━━ DATA EXTRACT
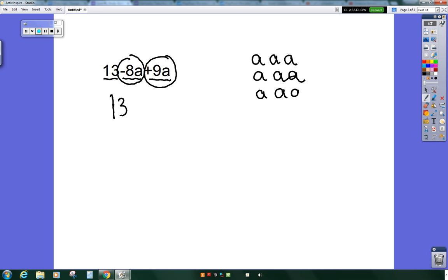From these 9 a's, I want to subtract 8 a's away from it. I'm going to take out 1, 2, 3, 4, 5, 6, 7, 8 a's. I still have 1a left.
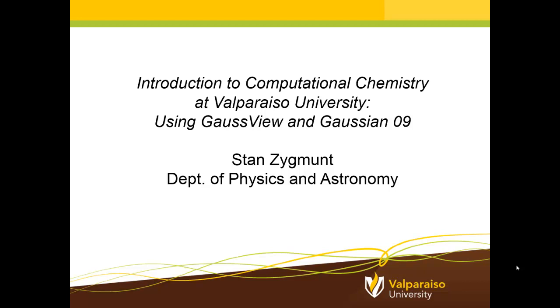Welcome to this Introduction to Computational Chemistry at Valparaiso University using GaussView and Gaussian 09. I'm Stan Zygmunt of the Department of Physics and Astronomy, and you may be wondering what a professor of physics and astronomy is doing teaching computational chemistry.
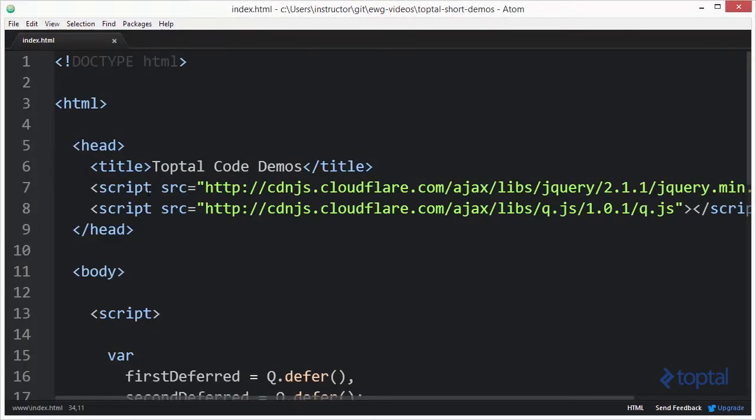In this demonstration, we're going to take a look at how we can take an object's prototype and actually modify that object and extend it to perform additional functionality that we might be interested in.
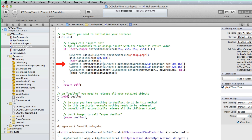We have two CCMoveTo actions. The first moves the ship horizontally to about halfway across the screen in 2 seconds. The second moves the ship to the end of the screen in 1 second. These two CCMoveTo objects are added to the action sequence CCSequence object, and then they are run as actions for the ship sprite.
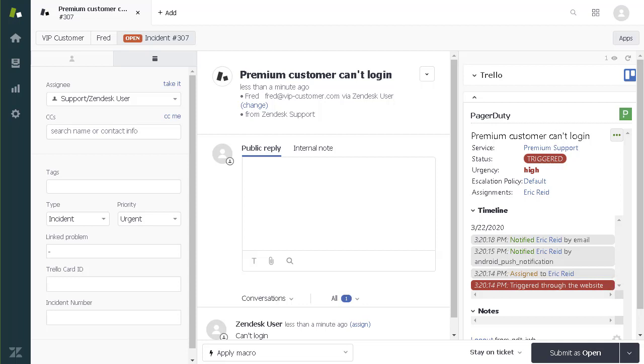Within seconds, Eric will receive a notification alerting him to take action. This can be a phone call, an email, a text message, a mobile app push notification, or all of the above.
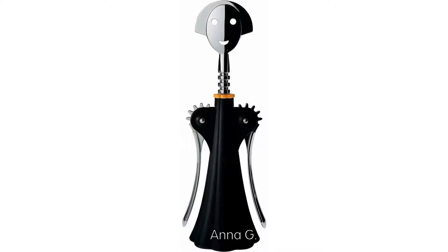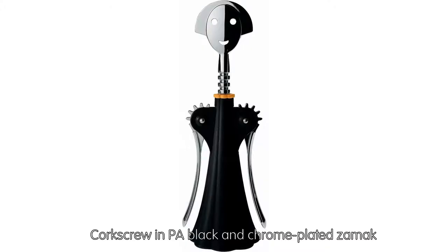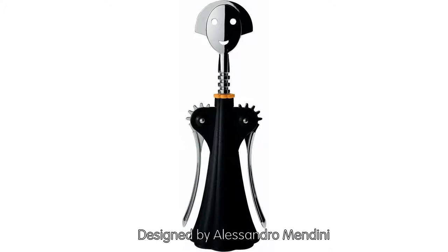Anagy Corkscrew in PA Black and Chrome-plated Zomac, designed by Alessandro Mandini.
━━━━
━━ DATA EXTRACT
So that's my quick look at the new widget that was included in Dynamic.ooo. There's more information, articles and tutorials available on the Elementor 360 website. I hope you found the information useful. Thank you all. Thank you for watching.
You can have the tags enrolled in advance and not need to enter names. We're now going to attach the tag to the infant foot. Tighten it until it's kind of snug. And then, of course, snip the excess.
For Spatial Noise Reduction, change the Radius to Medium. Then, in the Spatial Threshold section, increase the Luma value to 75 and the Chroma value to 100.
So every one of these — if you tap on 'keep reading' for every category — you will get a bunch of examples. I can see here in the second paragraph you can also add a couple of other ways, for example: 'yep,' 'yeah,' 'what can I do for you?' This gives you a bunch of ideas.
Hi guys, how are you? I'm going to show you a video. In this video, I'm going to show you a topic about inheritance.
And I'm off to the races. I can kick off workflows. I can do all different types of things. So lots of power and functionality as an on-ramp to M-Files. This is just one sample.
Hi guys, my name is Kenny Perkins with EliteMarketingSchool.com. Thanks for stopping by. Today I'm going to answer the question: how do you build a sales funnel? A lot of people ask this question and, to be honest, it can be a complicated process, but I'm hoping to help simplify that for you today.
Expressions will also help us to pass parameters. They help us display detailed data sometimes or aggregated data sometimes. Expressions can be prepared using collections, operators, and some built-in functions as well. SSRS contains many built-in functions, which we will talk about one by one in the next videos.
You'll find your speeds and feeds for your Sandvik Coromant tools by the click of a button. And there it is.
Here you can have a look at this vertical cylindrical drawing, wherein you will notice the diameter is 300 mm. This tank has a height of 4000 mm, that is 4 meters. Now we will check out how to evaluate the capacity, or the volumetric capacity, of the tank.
━━━━
DIRECTIONS: The lines above from the one containing "So every one" through the one containing "Here you can" are to be set down exactly, and no others.

EXERCISE SOLUTION:
So every one of these — if you tap on 'keep reading' for every category — you will get a bunch of examples. I can see here in the second paragraph you can also add a couple of other ways, for example: 'yep,' 'yeah,' 'what can I do for you?' This gives you a bunch of ideas.
Hi guys, how are you? I'm going to show you a video. In this video, I'm going to show you a topic about inheritance.
And I'm off to the races. I can kick off workflows. I can do all different types of things. So lots of power and functionality as an on-ramp to M-Files. This is just one sample.
Hi guys, my name is Kenny Perkins with EliteMarketingSchool.com. Thanks for stopping by. Today I'm going to answer the question: how do you build a sales funnel? A lot of people ask this question and, to be honest, it can be a complicated process, but I'm hoping to help simplify that for you today.
Expressions will also help us to pass parameters. They help us display detailed data sometimes or aggregated data sometimes. Expressions can be prepared using collections, operators, and some built-in functions as well. SSRS contains many built-in functions, which we will talk about one by one in the next videos.
You'll find your speeds and feeds for your Sandvik Coromant tools by the click of a button. And there it is.
Here you can have a look at this vertical cylindrical drawing, wherein you will notice the diameter is 300 mm. This tank has a height of 4000 mm, that is 4 meters. Now we will check out how to evaluate the capacity, or the volumetric capacity, of the tank.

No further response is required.